Hillary Clinton and Donald Trump have reached such a fraught point in their campaigns that they’ve taken accusing one another of America’s unpardonable sin: Racism. The broadcast news outlets are all delightedly agog. This is understandable. Nothing sells better in America than accusations of racial preference. It’s a near certainty that Barack Obama was elected president by people desperate to avoid the third rail of American political discourse. In today’s America you can’t be counted among the socially acceptable if you acknowledge the tiniest preference for your race over another. That’s why a person of color, the light-skinned, well-spoken Obama, was just the ticket in 2008 and again in 2012. He let those who voted for him off the racial hook. In one way this turned out to be a blessing. Both John McCain and Mitt Romney were and are in the Neocon orbit. As such, they would surely have mired us in more Middle Eastern wars.

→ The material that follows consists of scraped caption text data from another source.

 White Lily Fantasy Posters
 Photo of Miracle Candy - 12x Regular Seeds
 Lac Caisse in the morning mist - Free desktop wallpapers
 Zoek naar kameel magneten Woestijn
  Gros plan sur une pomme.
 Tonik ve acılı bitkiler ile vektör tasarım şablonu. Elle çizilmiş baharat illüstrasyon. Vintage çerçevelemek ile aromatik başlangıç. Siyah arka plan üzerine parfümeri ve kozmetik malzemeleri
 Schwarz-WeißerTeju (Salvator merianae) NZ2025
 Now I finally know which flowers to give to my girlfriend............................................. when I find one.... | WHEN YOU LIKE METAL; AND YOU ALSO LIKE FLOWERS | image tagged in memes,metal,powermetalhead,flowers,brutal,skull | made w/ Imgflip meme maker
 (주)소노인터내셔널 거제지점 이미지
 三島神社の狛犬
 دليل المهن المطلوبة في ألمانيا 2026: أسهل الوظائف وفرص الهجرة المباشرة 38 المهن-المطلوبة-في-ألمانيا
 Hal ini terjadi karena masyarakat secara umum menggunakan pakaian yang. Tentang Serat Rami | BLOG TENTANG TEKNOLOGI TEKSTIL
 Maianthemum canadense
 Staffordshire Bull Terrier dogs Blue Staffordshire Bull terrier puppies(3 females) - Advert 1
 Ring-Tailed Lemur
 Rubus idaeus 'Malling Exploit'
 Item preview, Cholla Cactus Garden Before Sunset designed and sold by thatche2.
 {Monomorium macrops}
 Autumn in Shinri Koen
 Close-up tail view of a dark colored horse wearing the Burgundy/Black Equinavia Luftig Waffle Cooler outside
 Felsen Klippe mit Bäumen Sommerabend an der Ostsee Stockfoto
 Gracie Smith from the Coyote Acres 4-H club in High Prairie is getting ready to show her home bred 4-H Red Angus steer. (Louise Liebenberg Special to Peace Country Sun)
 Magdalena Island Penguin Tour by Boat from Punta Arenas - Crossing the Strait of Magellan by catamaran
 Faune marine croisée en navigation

Still, isn’t it odd that the charge of racism should be so potent? After all, nearly everyone in our nation shares this vice: white, black, brown, yellow. Most of us for most of our lives prefer to be with our own kind. And yet to say so earns one a sentence on the scaffold of public excoriation, humiliated by having a Scarlet R emblazoned on one’s breast.
Aren’t we supposed to have the right of free association? Not, it seems, in public and corporate life. Nor are we free to speak as we please. There’s an unforgiving linguistic etiquette to be observed with regard to race. ABC newsreader Amy Robach discovered this last week when she referred to blacks as colored people. Her media counterparts pounced immediately expressing their heart-felt dismay. Robach swiftly apologized for her egregious violation. She had slipped, she explained. She had meant, of course, to say people of color. This locution, as everyone knows, makes all the difference.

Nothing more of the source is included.